G. Ramanujulu Naidu, J.

1. In these two revision cases preferred by the State against the orders of the Sales Tax Appellate Tribunal, A.P., Hyderabad, the learned Government Pleader for Commercial Taxes appearing for the State urges that the Tribunal is in error in granting exemption on the turnover of the assessee's business relating to collection of charges on painting auto rickshaws sold by the assessee. Both the assessing authority and the Assistant Commissioner for Commercial Taxes (Appeals), Hyderabad, rejected the assessee's plea of exemption.

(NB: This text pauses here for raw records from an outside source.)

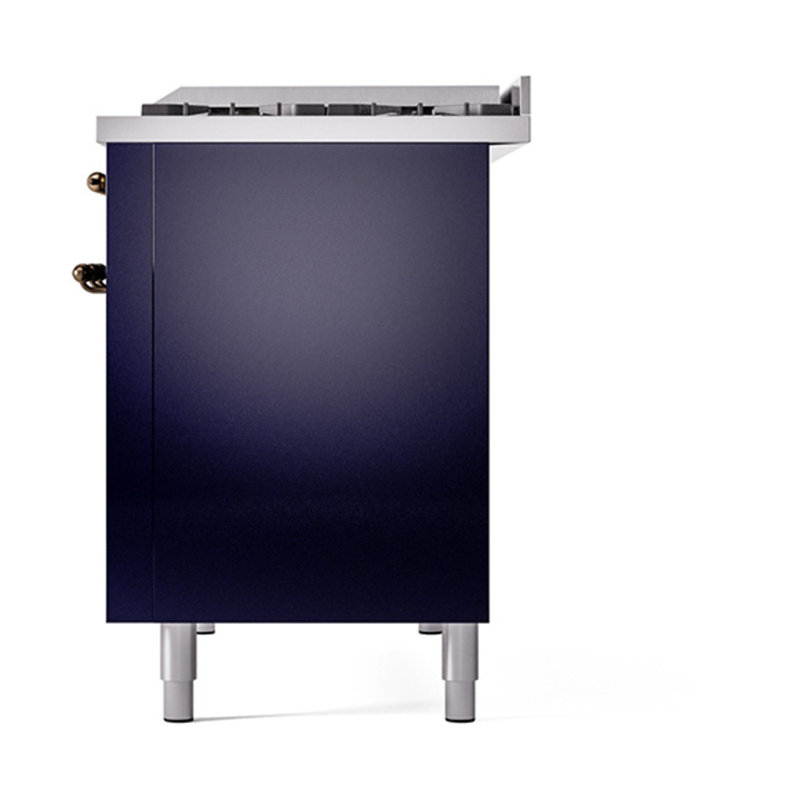 ILVE Nostalgie II Noblesse 48 in Dual Fuel Range, 8 Burner, Griddle, Natural Gas, Midnight Blue/Burnished
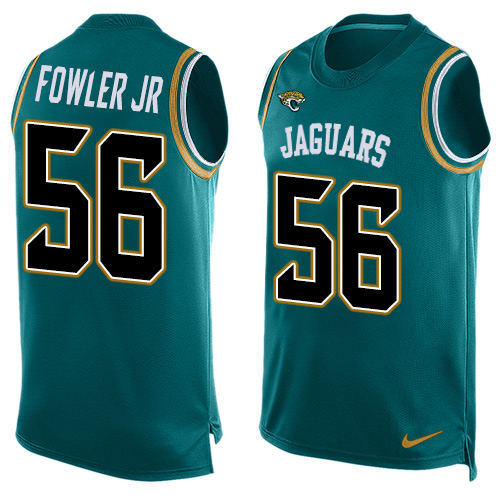 Men's Limited Dante Fowler Jr Nike Jersey Teal Green - #56 Player Name & Number Tank Top NFL Jacksonville Jaguars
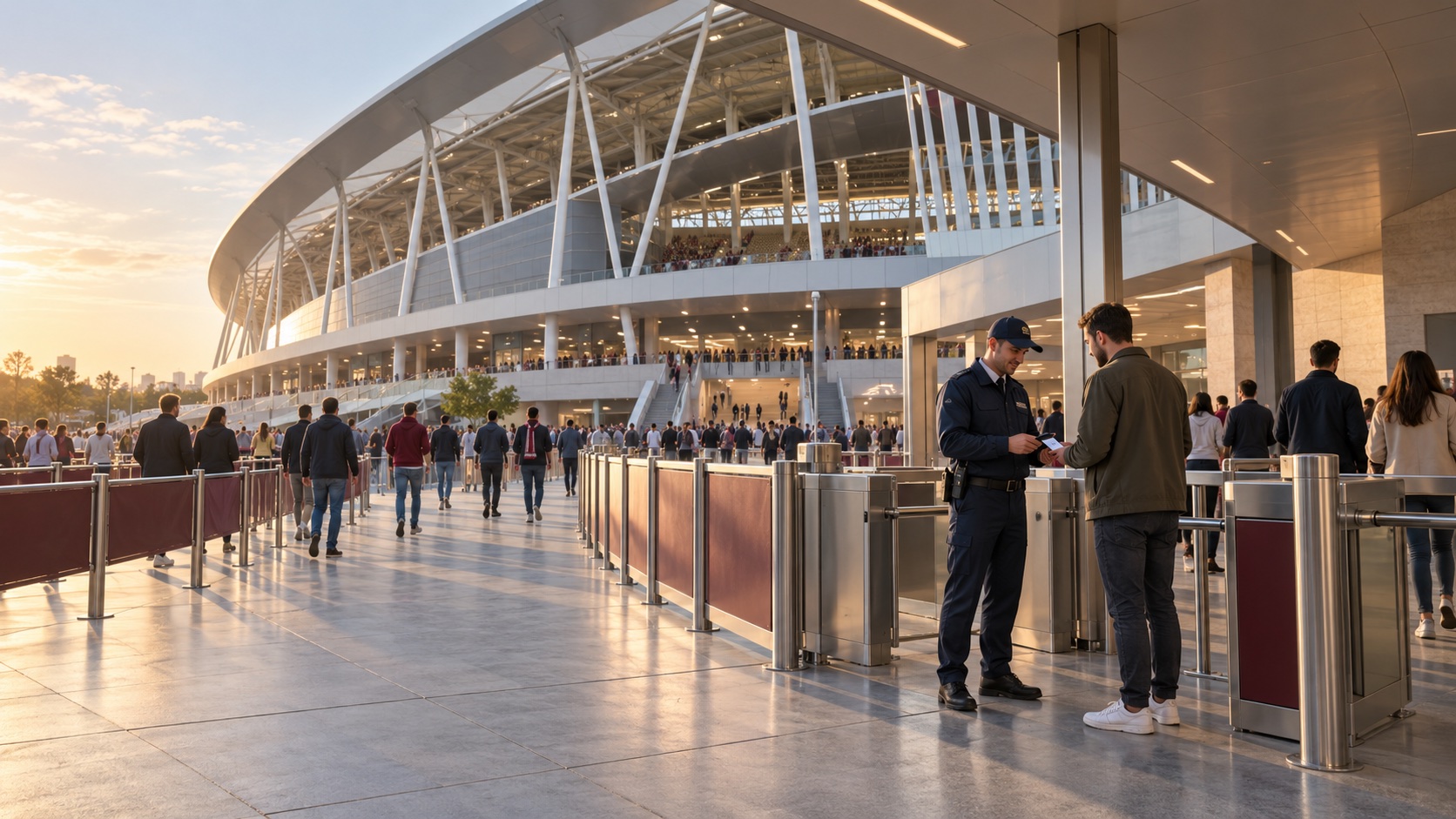 Modern bir stadyumun turnikelerinde ziyaretçiye yardımcı olan güvenlik görevlisi; temsili görsel.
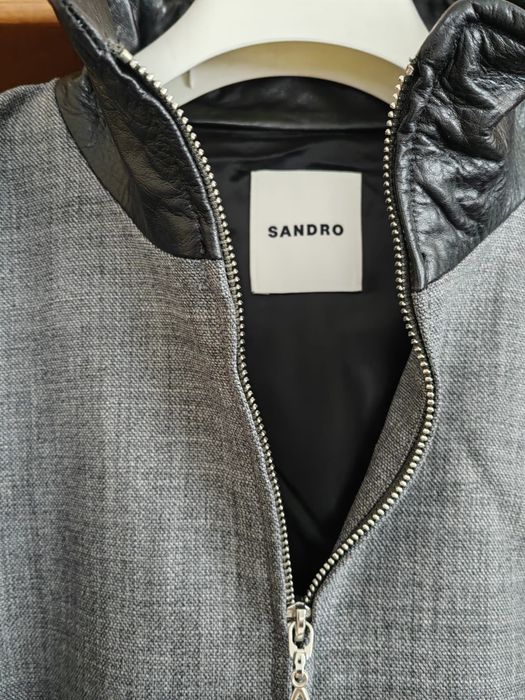Яке Sandro 100% вълна, wool / leather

2. Admittedly the job of painting of auto rickshaws sold by the assessee was executed by the assessee. In fact no auto rickshaw will be allowed to ply in the twin cities of Hyderabad and Secunderabad unless the same are painted with yellow colour. It is true that the assessee collected charges of painting from its customers on separate bills, but it must be observed that the job of painting of auto rickshaws was an integral and inseparable part of the transactions of sale of auto rickshaws effected by the assessee. The definition of 'turnover' contained in section 2(1)(s) of the A.P. General Sales Tax Act, 1957 is wide enough to take in all sums charged by the assessee while parting with the auto rickshaws sold. The view taken by the Tribunal is undoubtedly erroneous. We accordingly set aside that portion of the orders of the Tribunal and partly allow both the tax revision cases. No costs. Advocate's fee Rs. 150 in each.

3. Petitions partly allowed.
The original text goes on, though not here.